* _Requirement_:
Beginning at the line that holds "Răzvan Lucescu, în" and continuing to the last line of the data below, transcribe every line word for word, without pictures.

* _Dataset content_:
▶
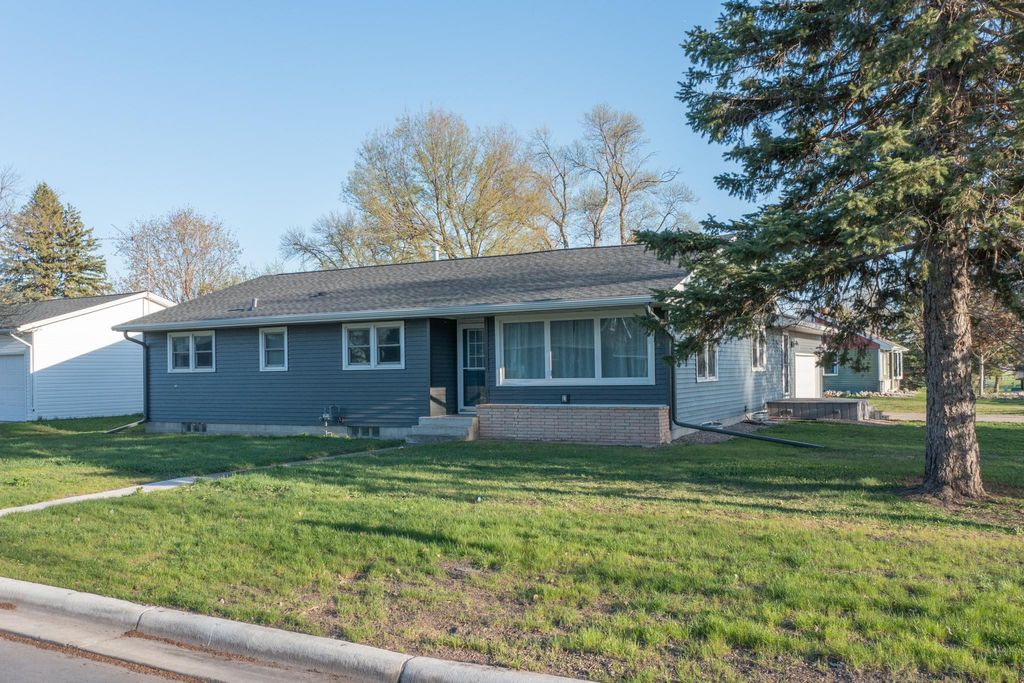Photo of 822 W Chandler Street, Arlington, MN 55307 (MLS # 7059963)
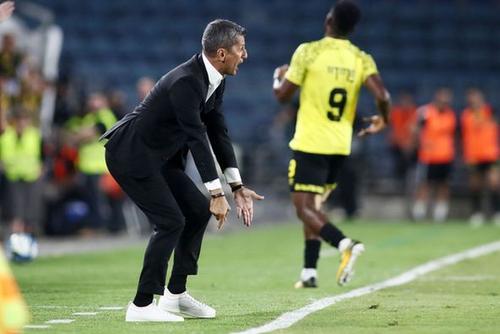 Răzvan Lucescu, în Beitar - PAOK / Sursă foto: Facebook@ PAOK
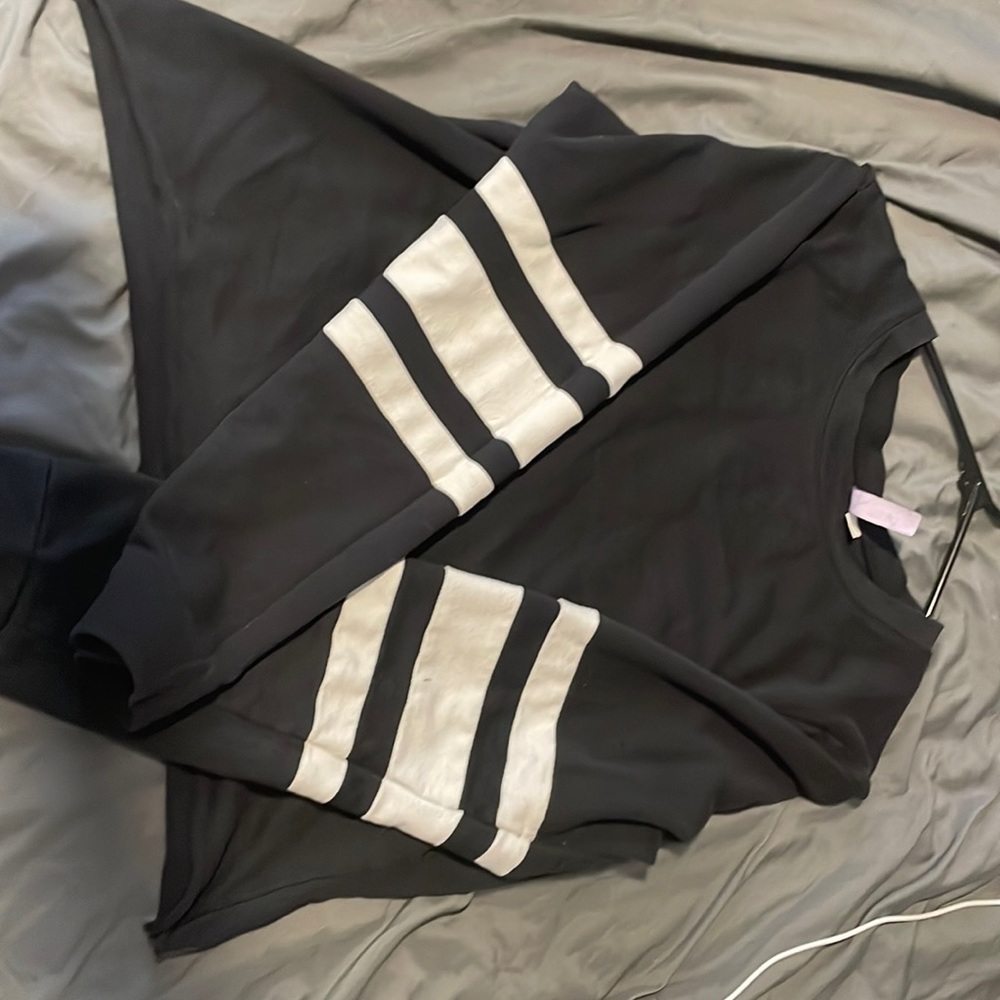 Long sleeve, black with white strips on sleeve. Large, hardly warn.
◀
* _Solution to the problem_:
 Răzvan Lucescu, în Beitar - PAOK / Sursă foto: Facebook@ PAOK
 Long sleeve, black with white strips on sleeve. Large, hardly warn.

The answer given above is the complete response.